### [Your objective]
Each record needs to be retyped exactly, though its pictures should not appear.
Segment Start: Task inputs
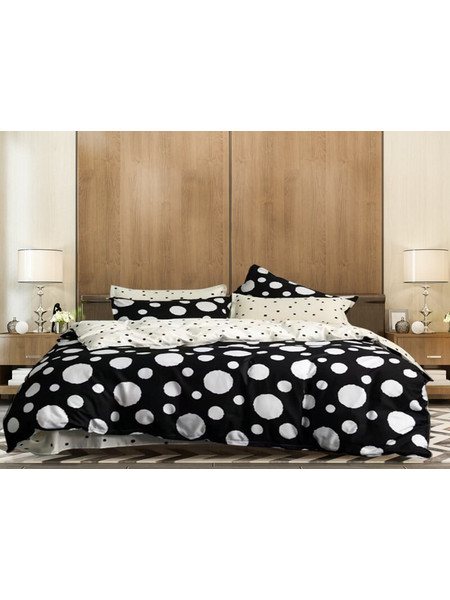 Γαρύφαλλο Πάπλωμα Μονό Microfiber 160x240 Πουά KYP-1537-160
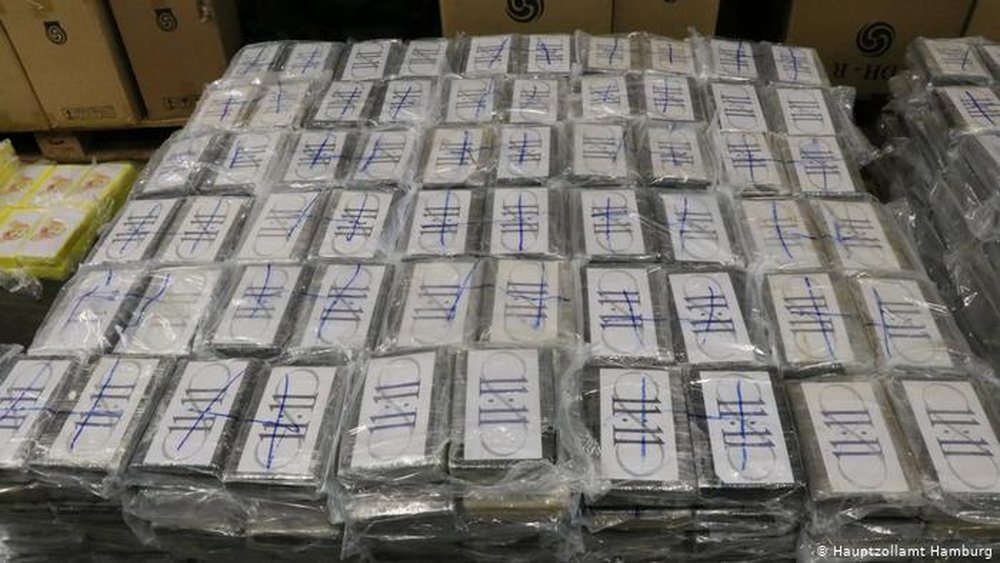 VIDEO/ Kapet 4.5 ton kokain&euml; n&euml; Gjermani, ishte nisur p&euml;r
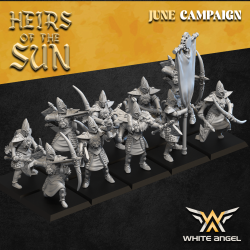 LION SCOUT x10 - Bigusson - Druk 3d - White Angels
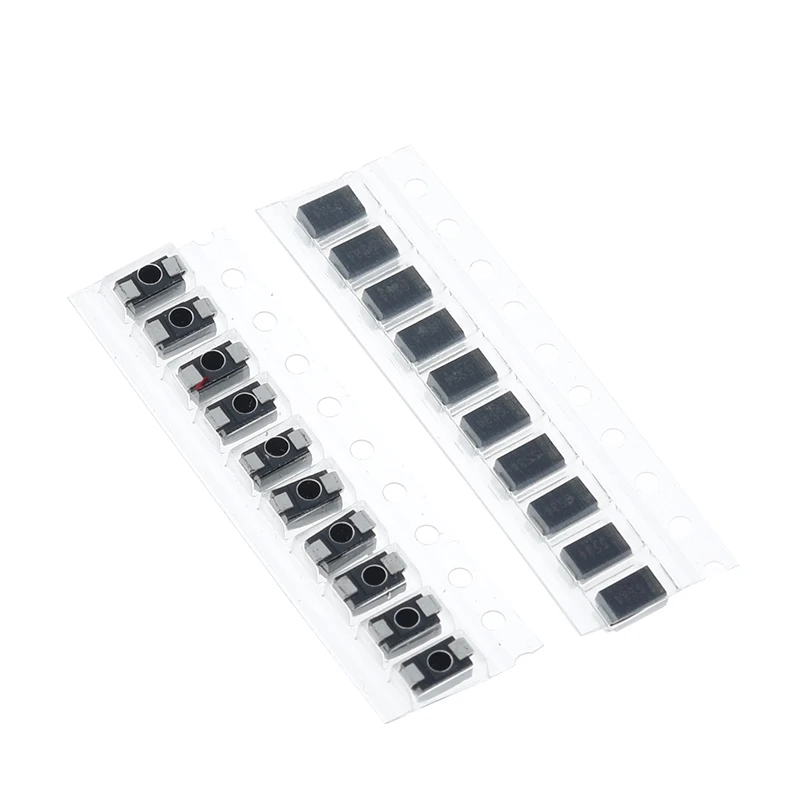 20 Werte * 10 Stück = 200 Stück/LOT SMD-Dioden-Sortiment enthält SS110 SS220 SS210 SS310 SS510 SS16 SS26 SS34 SS36 ES1J ES1D M7 M4 US1M – Detail 7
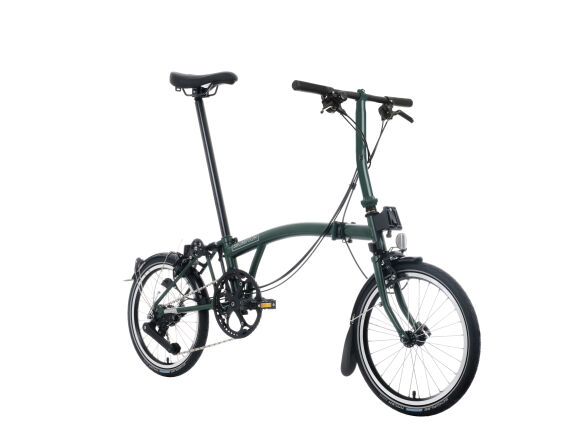 Brompton C Line 12-Gang Racing Green Tiefer Lenker Brompton C Line 12-Gang Racing Green Tiefer Lenker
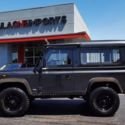 1971 Gray Land Rover Defender thumbnail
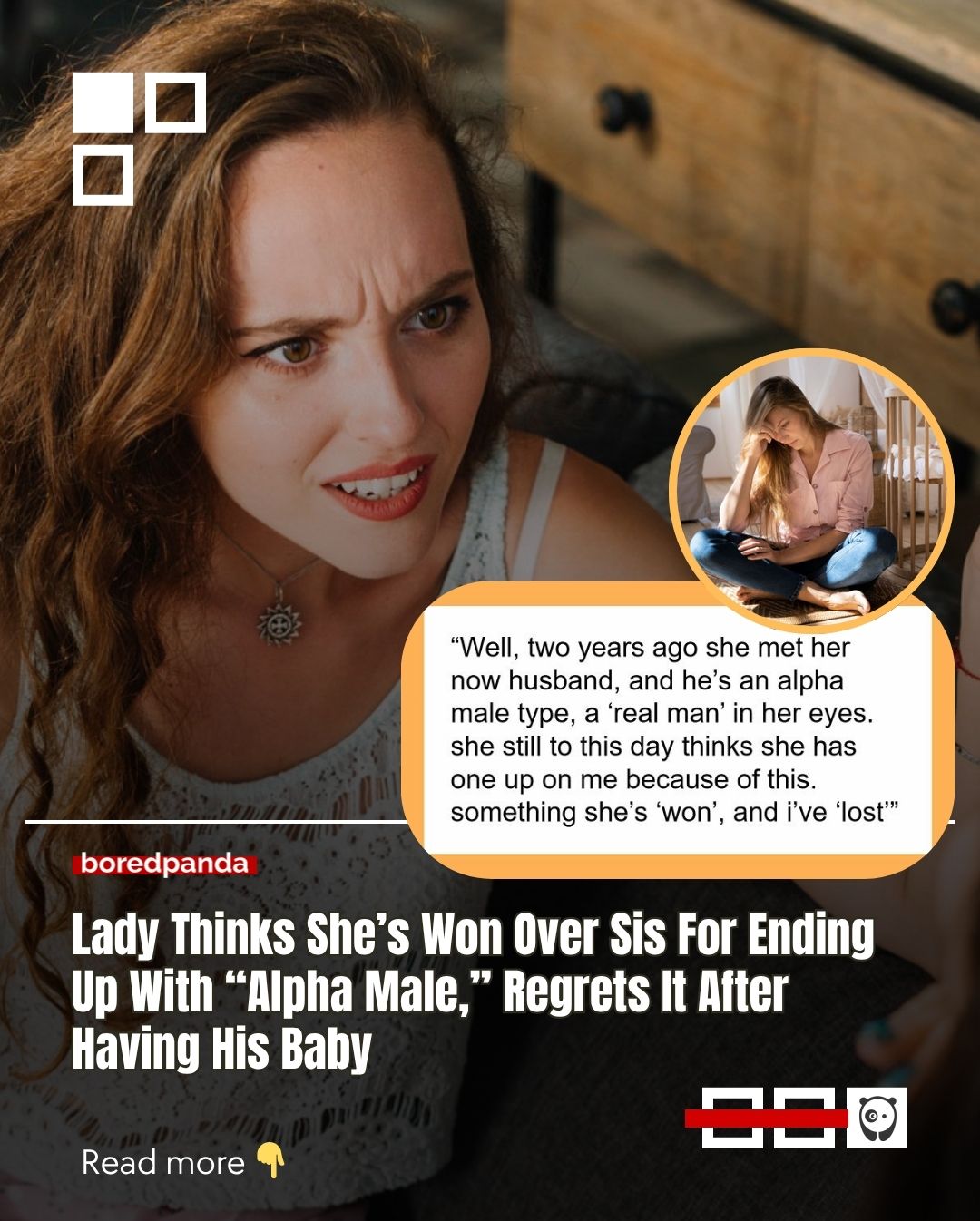 She’d built a happy, equal marriage with a supportive husband, but her sister never stopped mocking it, insisting a “real man” shouldn’t cook, clean, or help with kids.

Now, after marrying her own version of that “real man,” reality hit hard. When the complaints started, the response she got was brutal: Maybe this is exactly what she chose.

Read the story at the link in our bio.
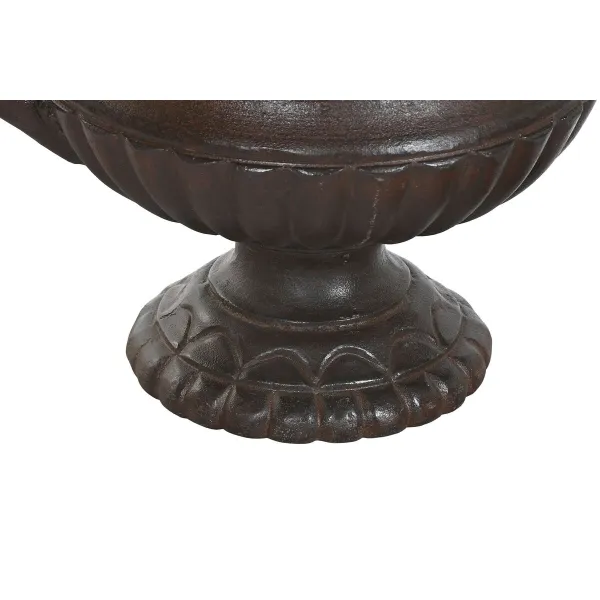 Vaza Home ESPRIT Ruda Geležis 41 x 41 x 36 cm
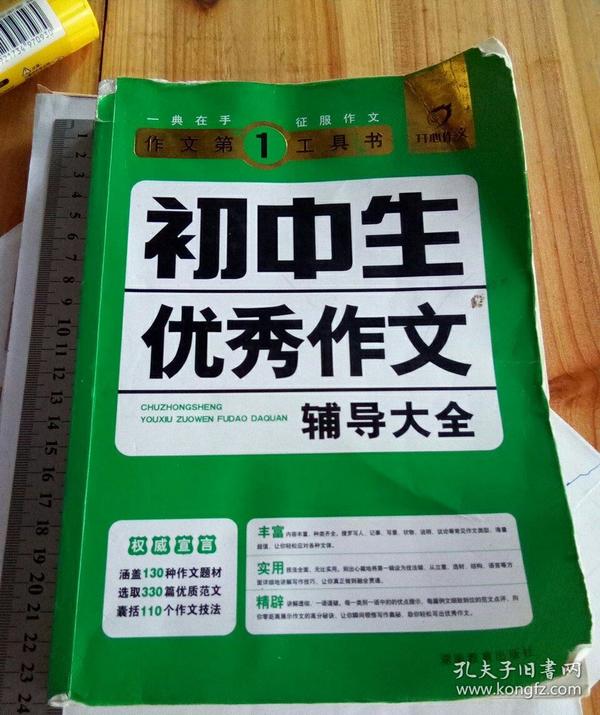 开心作文·作文第一工具书：初中生优秀作文辅导大全（第3版）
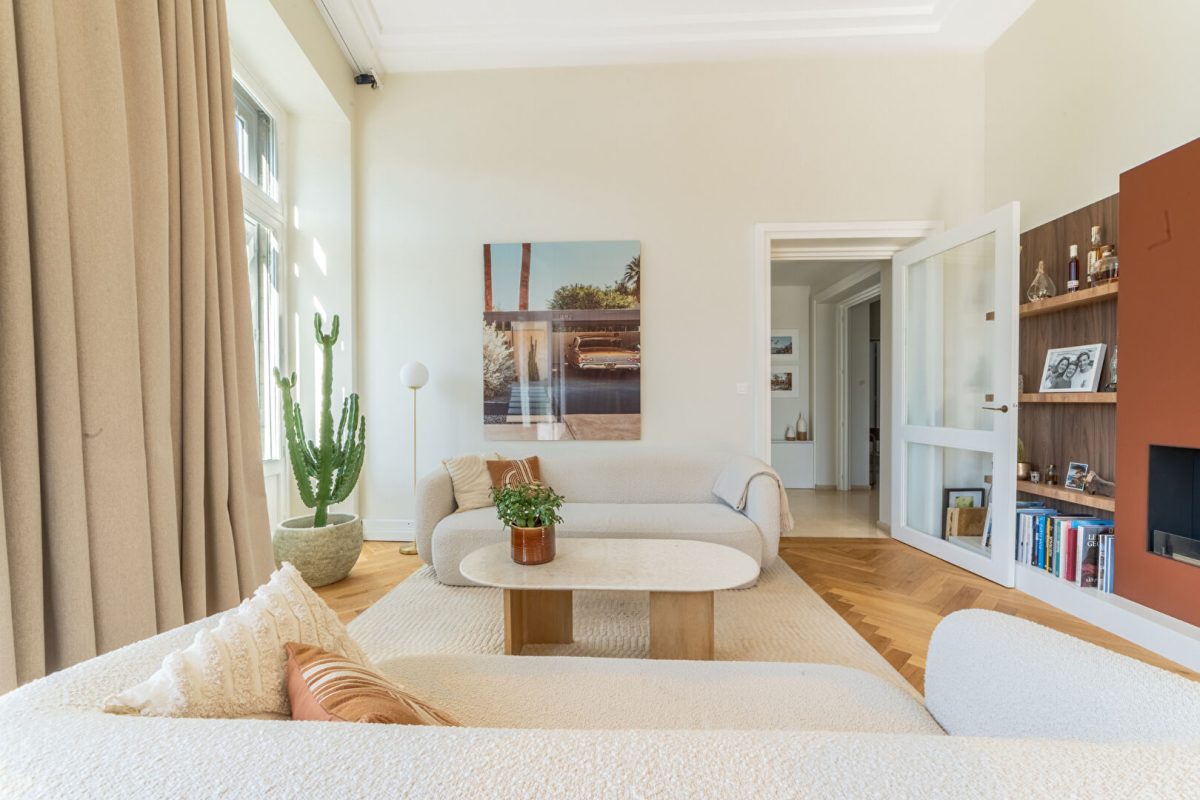 Nantes - Centre-ville, Type 4  + deux T2 attenants haut de gamme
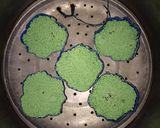 Foto langkah ke 5 dari resep Kue putu (cetakan apem) paling simple.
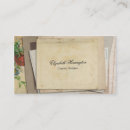 Zoek naar ephemera visitekaartjes Papier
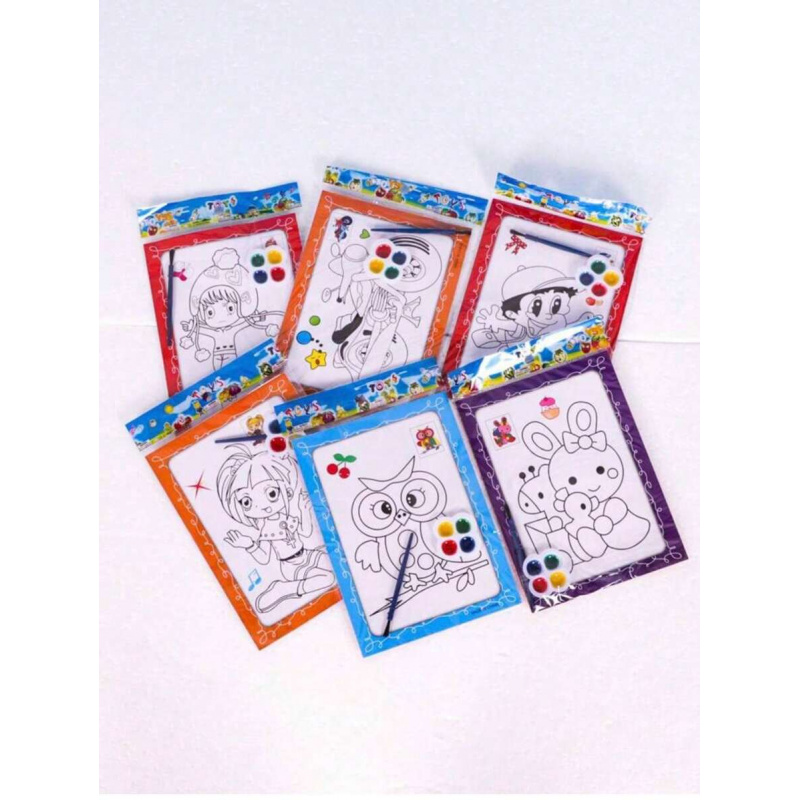 Watercolor Painting Coloring B - Art Craft Books review and price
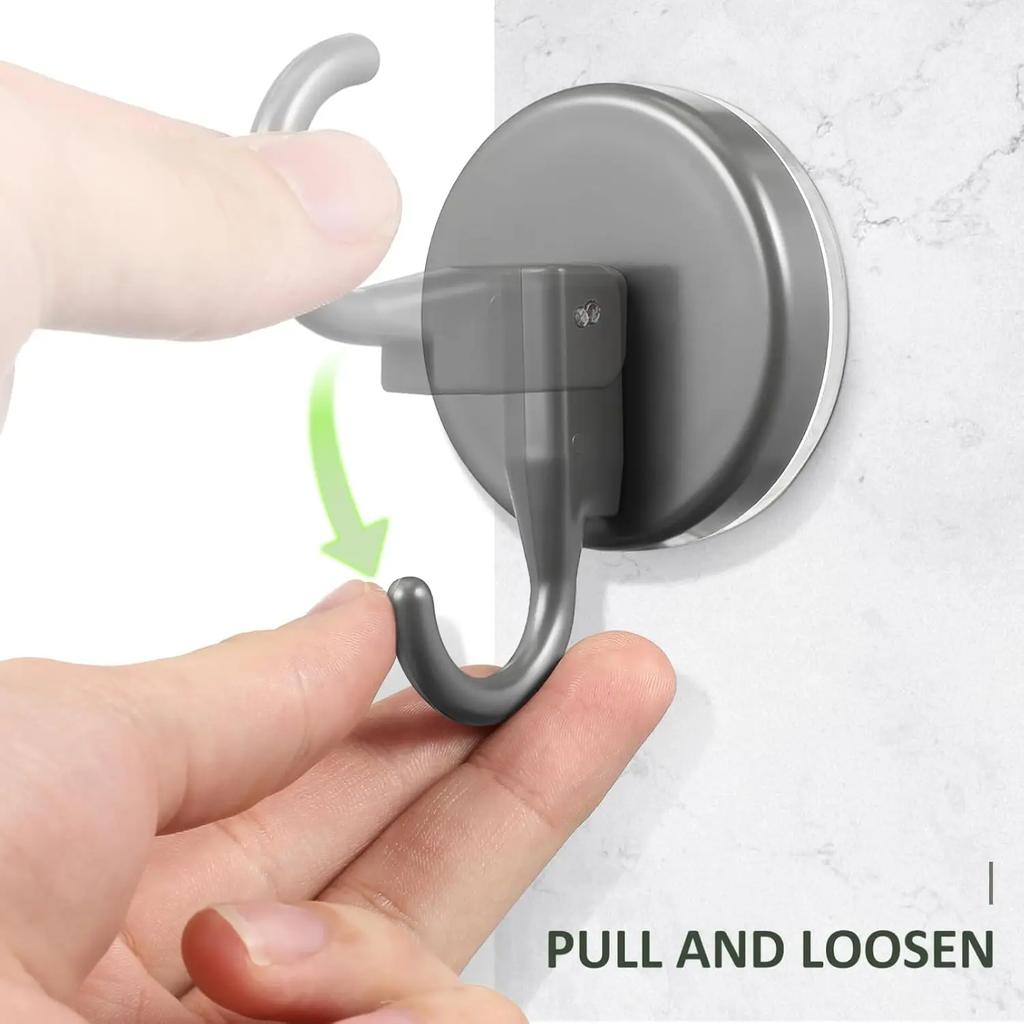 10/1 шт. Крючки на присосках Крючок для полотенца, халата для ванной комнаты Водонепроницаемый Съемный Настенный держатель на дверь Присоска Вешалка для стекла, плитки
Segment End: Task inputs
### [Written reply]
 Γαρύφαλλο Πάπλωμα Μονό Microfiber 160x240 Πουά KYP-1537-160
 VIDEO/ Kapet 4.5 ton kokain&euml; n&euml; Gjermani, ishte nisur p&euml;r
 LION SCOUT x10 - Bigusson - Druk 3d - White Angels
 20 Werte * 10 Stück = 200 Stück/LOT SMD-Dioden-Sortiment enthält SS110 SS220 SS210 SS310 SS510 SS16 SS26 SS34 SS36 ES1J ES1D M7 M4 US1M – Detail 7
 Brompton C Line 12-Gang Racing Green Tiefer Lenker Brompton C Line 12-Gang Racing Green Tiefer Lenker
 1971 Gray Land Rover Defender thumbnail
 She’d built a happy, equal marriage with a supportive husband, but her sister never stopped mocking it, insisting a “real man” shouldn’t cook, clean, or help with kids.

Now, after marrying her own version of that “real man,” reality hit hard. When the complaints started, the response she got was brutal: Maybe this is exactly what she chose.

Read the story at the link in our bio.
 Vaza Home ESPRIT Ruda Geležis 41 x 41 x 36 cm
 开心作文·作文第一工具书：初中生优秀作文辅导大全（第3版）
 Nantes - Centre-ville, Type 4  + deux T2 attenants haut de gamme
 Foto langkah ke 5 dari resep Kue putu (cetakan apem) paling simple.
 Zoek naar ephemera visitekaartjes Papier
 Watercolor Painting Coloring B - Art Craft Books review and price
 10/1 шт. Крючки на присосках Крючок для полотенца, халата для ванной комнаты Водонепроницаемый Съемный Настенный держатель на дверь Присоска Вешалка для стекла, плитки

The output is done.